Martin,
You are comparing different things than in HDFS-236.
The '6x' difference you noted is for pread() with a random offset and
sequential offset (otherwise 6x difference is too small for sequential
and random access in general).
But what you are doing is comparing different read APIs, both doing
sequential I/O. IOW:
HDFS-236: 6x is between :
------------------------
a) read(random_offset, buf);
b) read(sequential_offset, buf);
(b) is measuring overhead of "positional read" in HDFS,
that could be avoided.
Your program :
--------------
a) read(buf); // "true" sequential read, if you will
b) read(sequential_offset, buf); // same of (b) above.
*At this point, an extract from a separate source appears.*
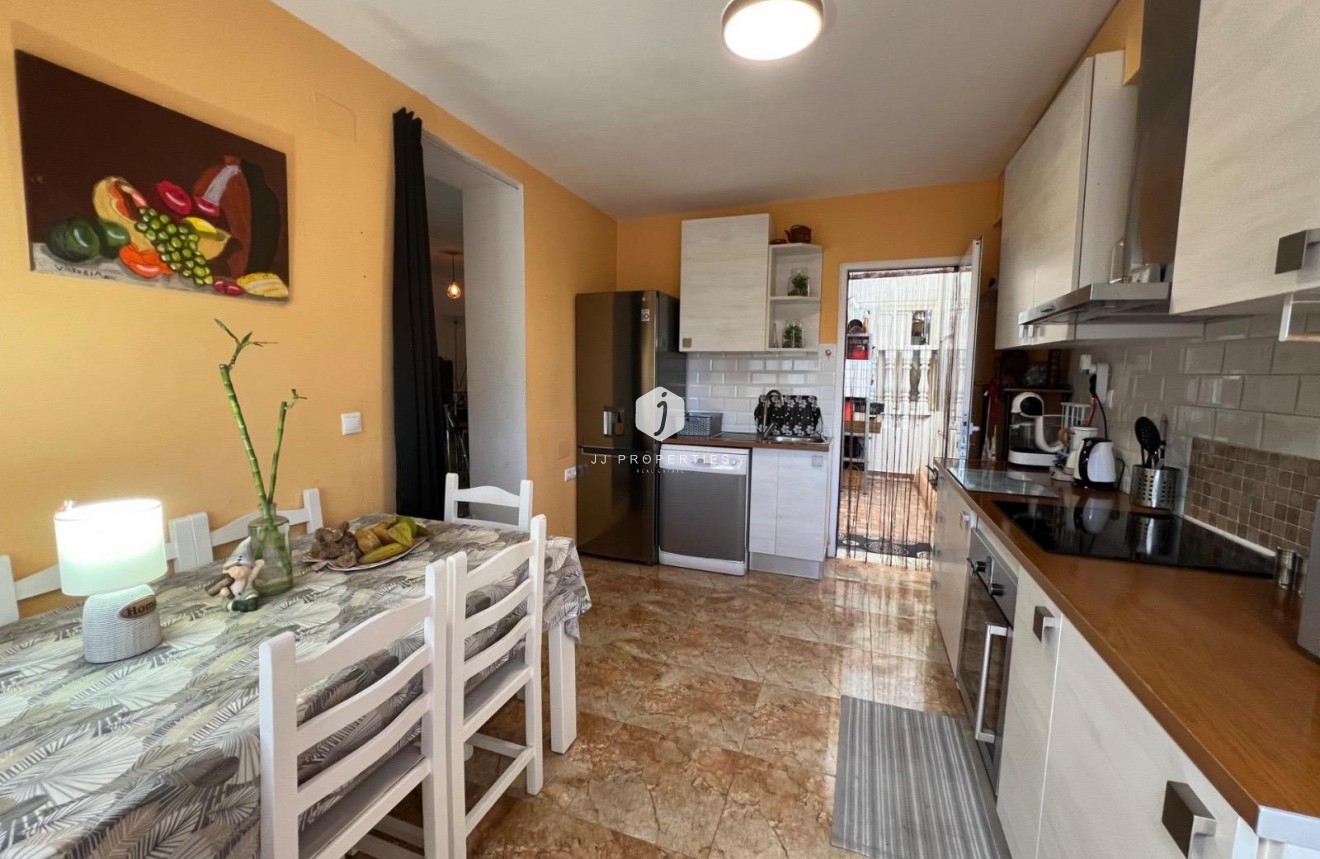 Resale - Chalet -
Torrevieja - Calas blanca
so, you are not doing actual random I/O.
Does this sound right?
Raghu.
Martin Mituzas wrote:
hi, all
I see there are two read in DFSInputStream:
int read(byte buf[], int off, int len)
int read(long position, byte[] buffer, int offset, int length)
And I use the following code test the read performance.
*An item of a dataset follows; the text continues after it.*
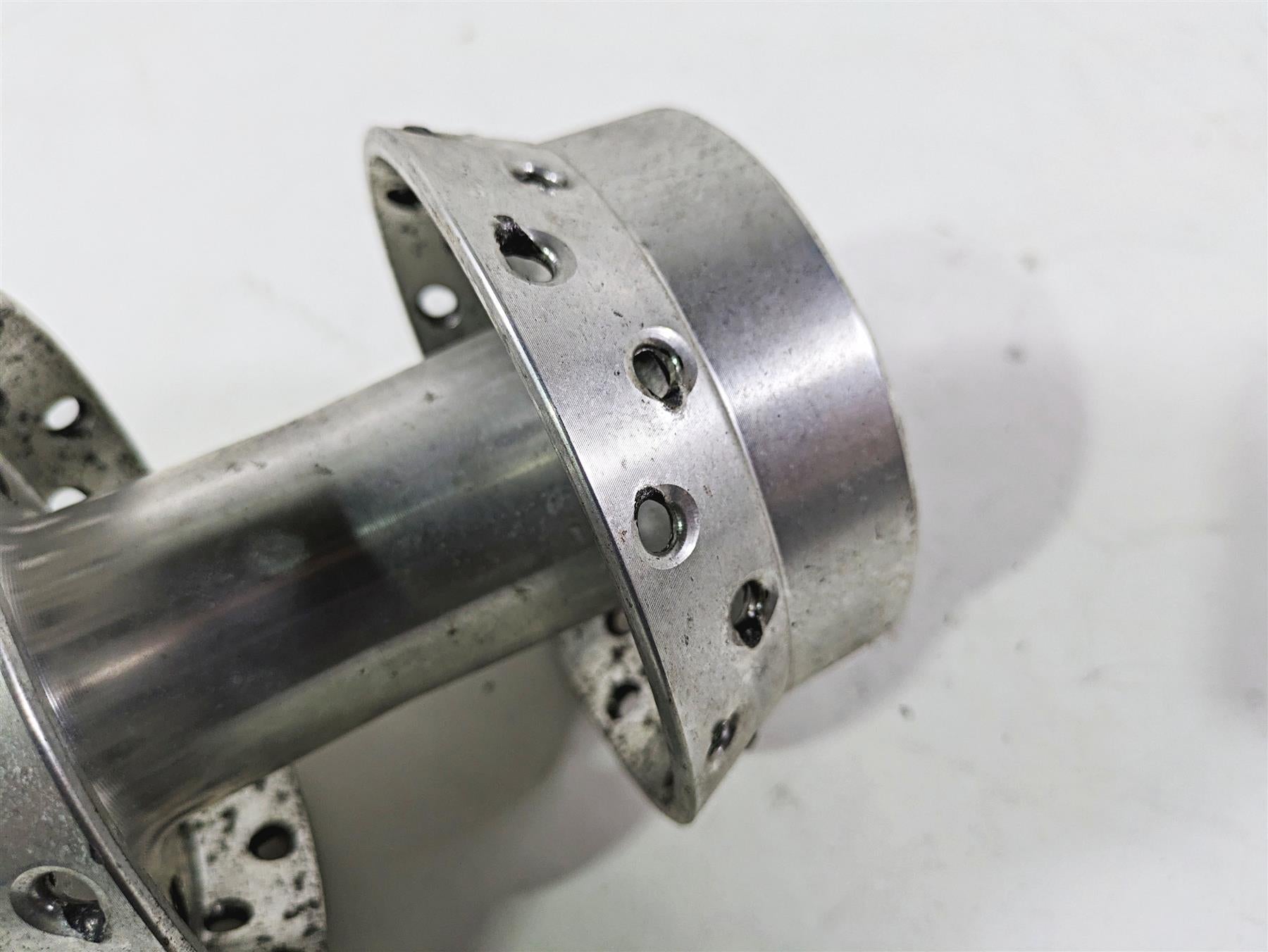 2017 Harley Dyna FXDB Street Bob Rear Wheel Rim Hub & 25mm Bearings 41430-09A {{ shop.shopifyCountryName }} - Mototech271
Before test I generate some files in the directory DATA_DIR, then I run this
function for some time and calculate the read throughput.
The initFiles() function is borrowed from the patch
https://issues.apache.org/jira/browse/HDFS-236.
My question is I tried above two read methods and found the throughput have
huge difference. The results are attached below. Is there something wrong
with my code ? I cann't believe there can be such big difference...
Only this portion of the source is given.